As we mark the 150th anniversary of confederation, The Philanthropist is profiling Canadians from across the non-profit sector and putting a face to 150 individuals who work or volunteer in Canada’s social sector.
Name: Jen Cooper
Current role in the sector: Project co-ordinator in environmental education at Atlantic Coastal Action Program (ACAP) Cape Breton.
Years working and/or volunteering in the non-profit sector: On and off for 14 years. Solid for 4.
What was your first job in the sector or a defining moment?

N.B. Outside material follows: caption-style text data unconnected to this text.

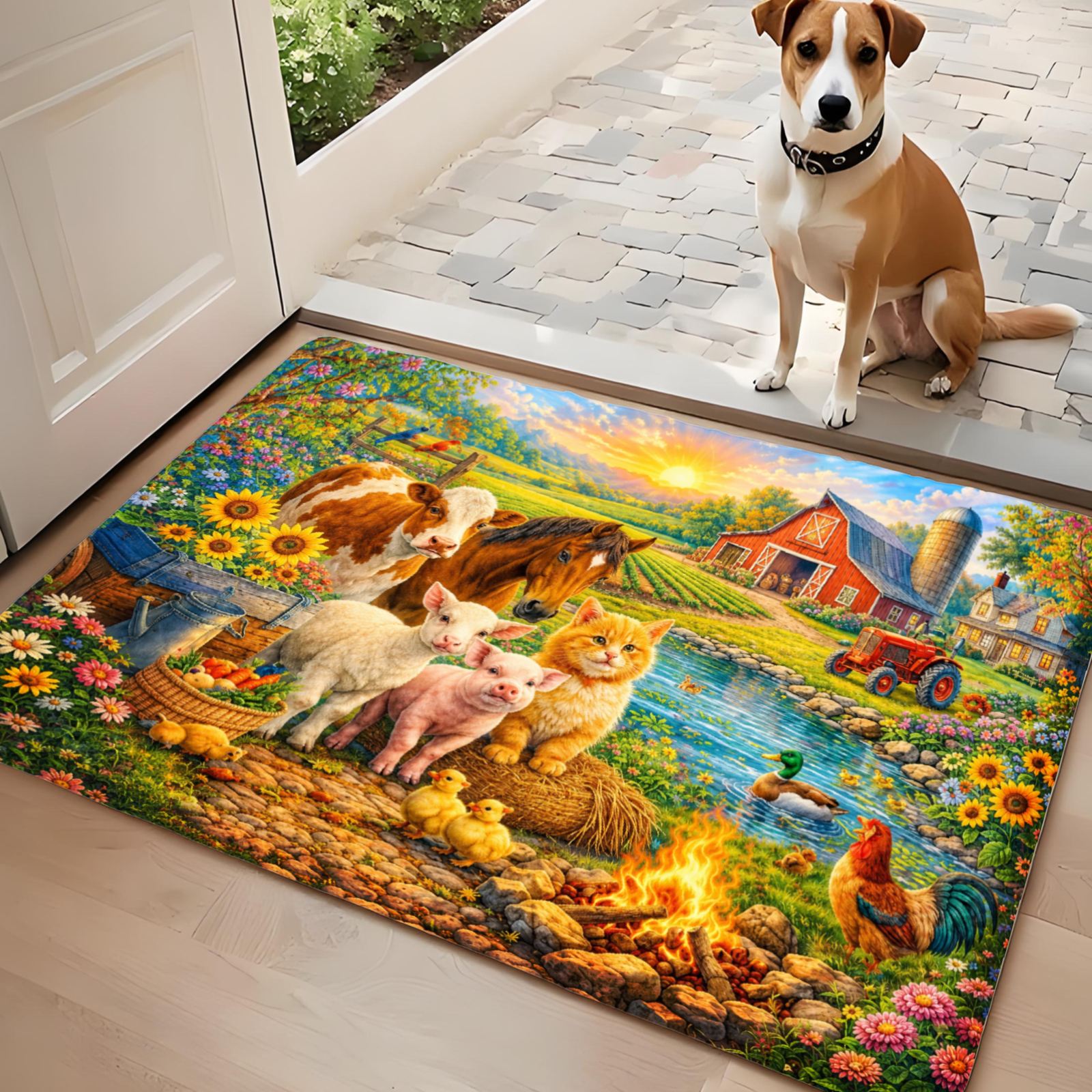 3 Buah Karpet Dapur, Dekorasi  - Home Bathroom Scene ulasan dan harga
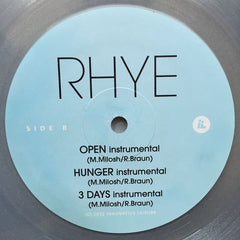 Rhye : Open (12", EP, Cle)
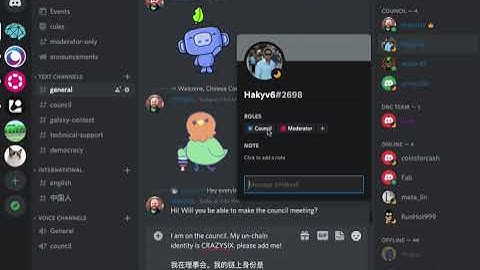DeepBrain Chain: Council on Discord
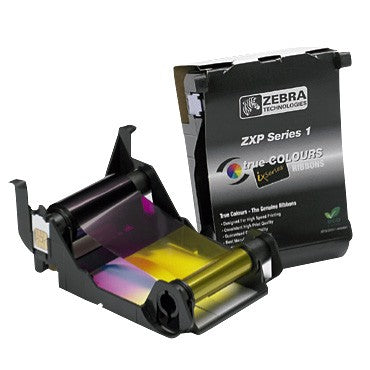 Zebra Technologies Load-N-Go Color Ribbon for ZXP Series 1 YMCKO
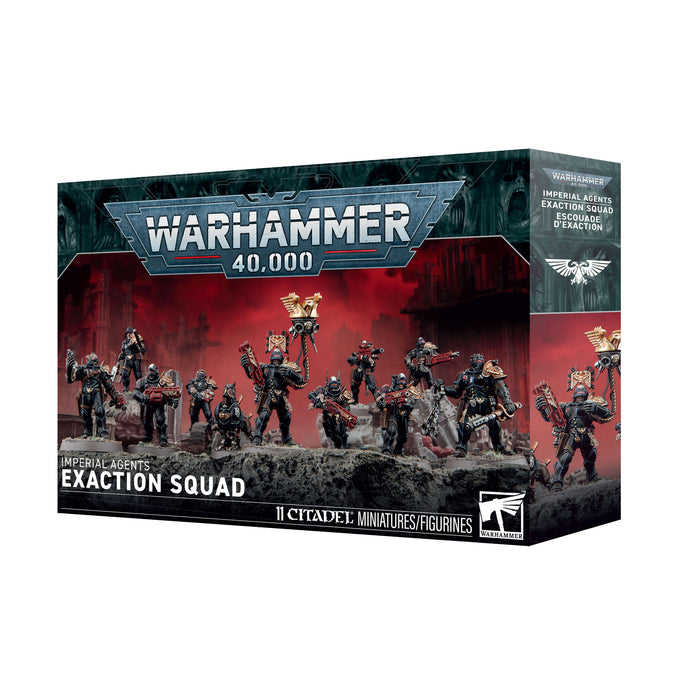 Warhammer 40,000 Imperial Agents Exaction Squad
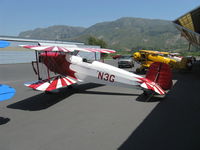 N3G @ SZP - 1985 Bucker JUNGMANN E3B, Lycoming AEIO-360 180 Hp upgrade, early arrival - by Doug Robertson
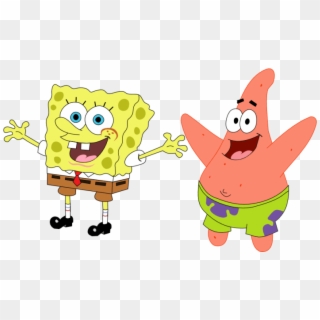 Free Png Download Spongebob And Patrick Clipart Png - Spongebob And Patrick Transparent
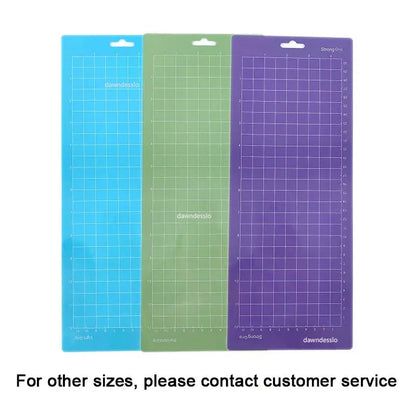 1/3pcs Mixed Color Engraving Machine Base Plate Cutting Mat for Cricut/cameo 4 with Adhesive Pvc Cutting Mats 33x35cm
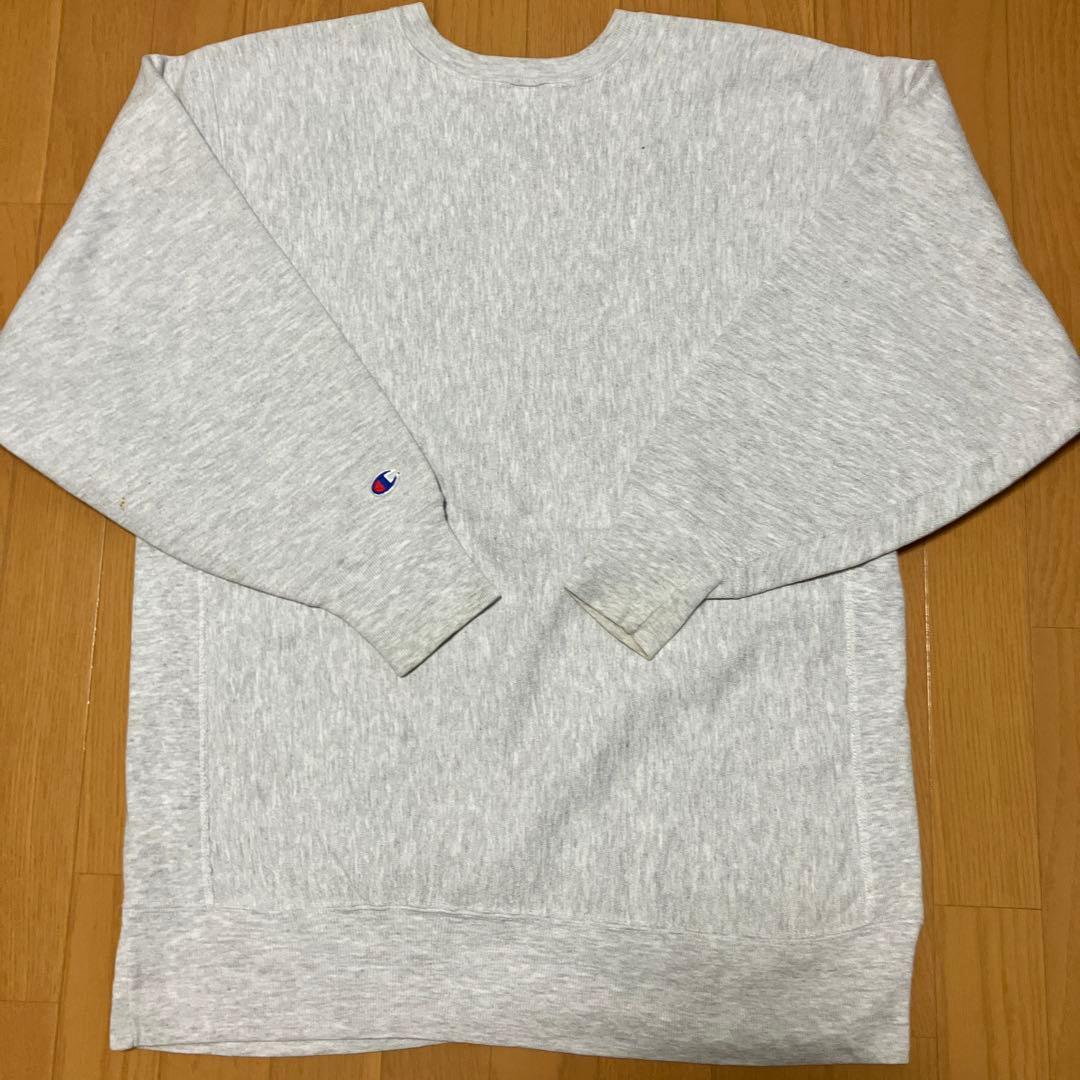 チャンピオン　リバースウィーブ　90s XXL 刺繍タグ　目あり　無地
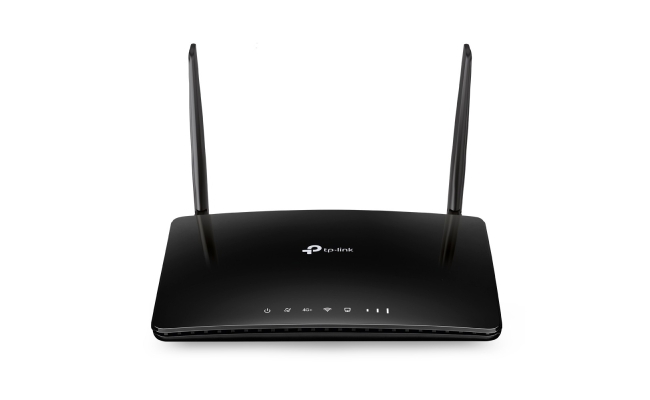Router TP-Link Archer MR500 wireless, 4G LTE, 1200Mbps, 3 x gigabit, 1 x WAN,...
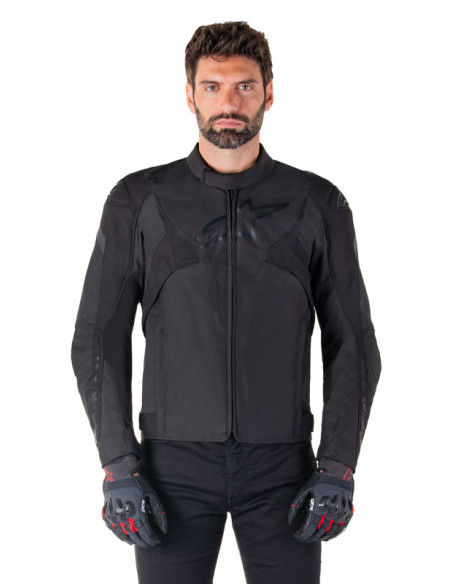 Blouson moto Alpinestars T-Jaws V4 Waterproof Noir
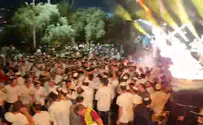 הדלקת בני הישיבות בחברון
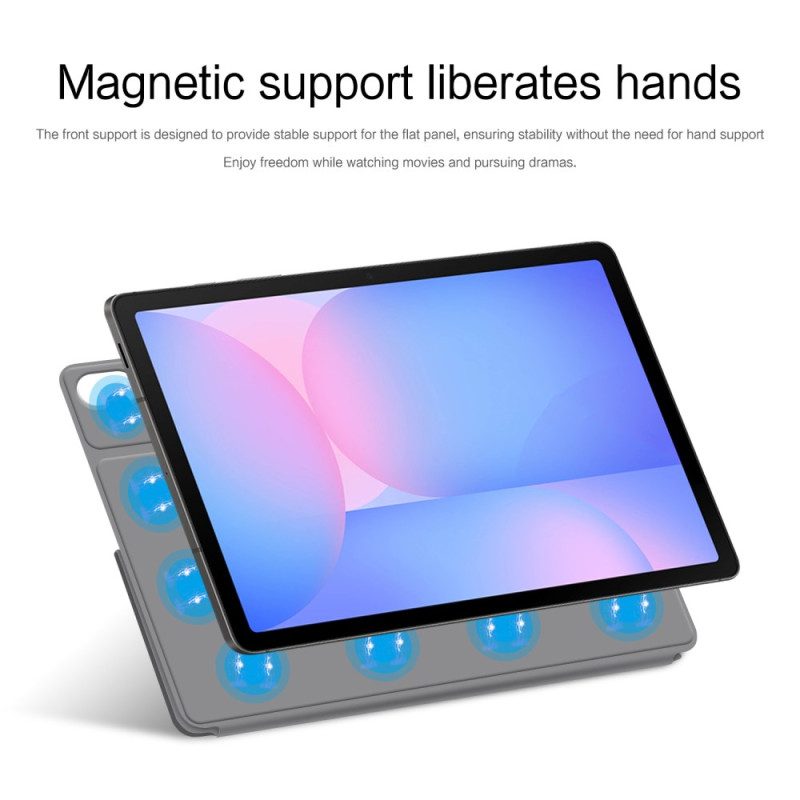 Case Samsung Galaxy Tab S10 Fe Origami-motiv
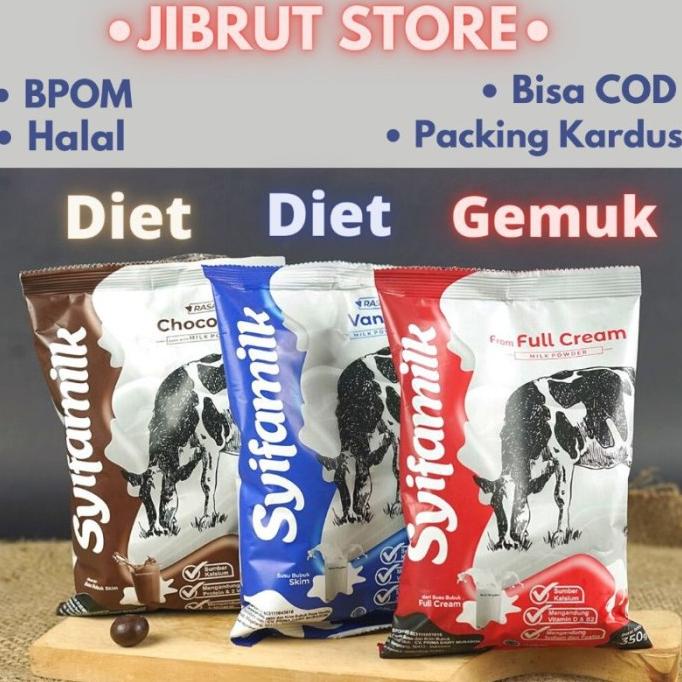 

[BISA COD] TM142 - SYIFAMILK SUSU SKIM DIET DAN GEMUK PENGGEMUK BADAN ORIGINAL 35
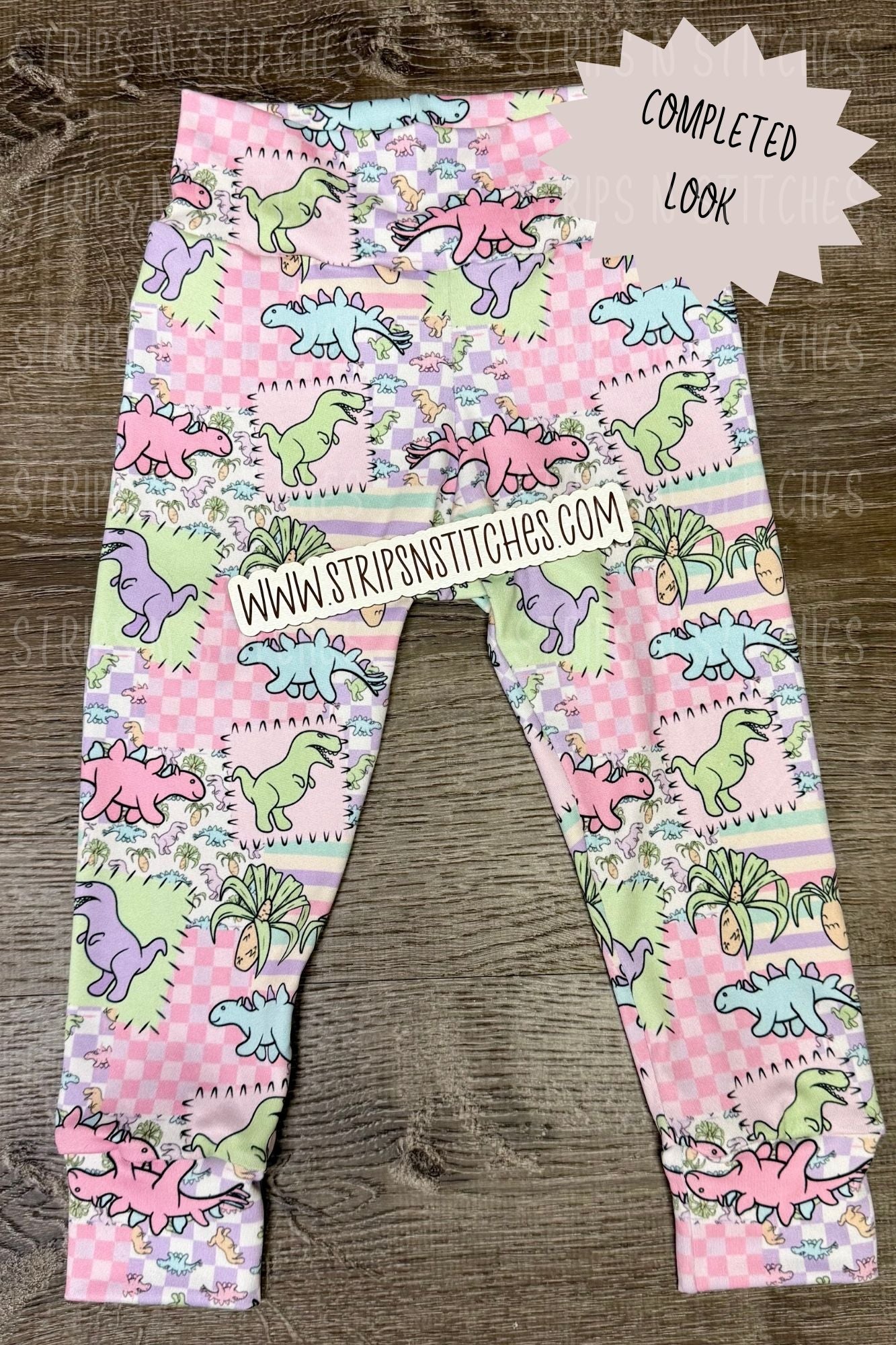 Ready to Sew Pre-Cut Leggings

My first job in the sector was a student position at the organization that I’ve found my way back to. I started out identifying invertebrates as a volunteer and by the end of the summer I had a job taking shoreline samples and performing energy audit surveys to help people use less electricity at home. I began to thrive on connecting the social community to the ecological community–and they began to thrive back.
Describe your desk/workspace.
I’ll not comment on its level of order but I will list some of the greatest things I see on my desk at the moment: a piece of a hornet nest (extraordinary engineers; it’s waterproof and did not break down in our latest Eco Kids experiment), a cat skull (found by our Trashformers team when they were cleaning up litter in a woodlot), yellow lampmussel shells (a species at risk in Nova Scotia, collected in the watershed that supplies clean, safe tap water for North Sydney–all the cleaner for their filter feeding), a chunk of asphalt (long story), a pop-up drawing of our garden by my daughter (small and mighty), and three staplers (I don’t know how they got here).
What are you reading or following that has expanded your understanding of the non-profit sector?
I had the fortune to recently attend a conference called Many Hands Many Voices put on by the Community Sector Council of Nova Scotia. I had the delight to be in a rather large room at the beautiful convention centre in Membertou First Nation, with dozens of other humans working in non-profits. Everybody present wanted to make their piece of the world a better place. Inspiring falls short of describing how every motley crew of a lunch table or workshop circle felt. Each of us was hungry to connect with strangers to make our community stronger and support each other. I’ve been reeling ever since and it is making this proposal season a little fresher and more centered on collaboration.
What do you think our sector needs to be thinking about?
I think that the non-profit sector is inherently working on the bright side of our country’s dark corners. I think inclusion and collaboration are very important because we are only as strong as our weakest link. Let’s help each other to be strong. I also think that reconciliation is something every organization needs to be considering. Where do we stand and what are we doing to reconcile Canada’s unpleasant past?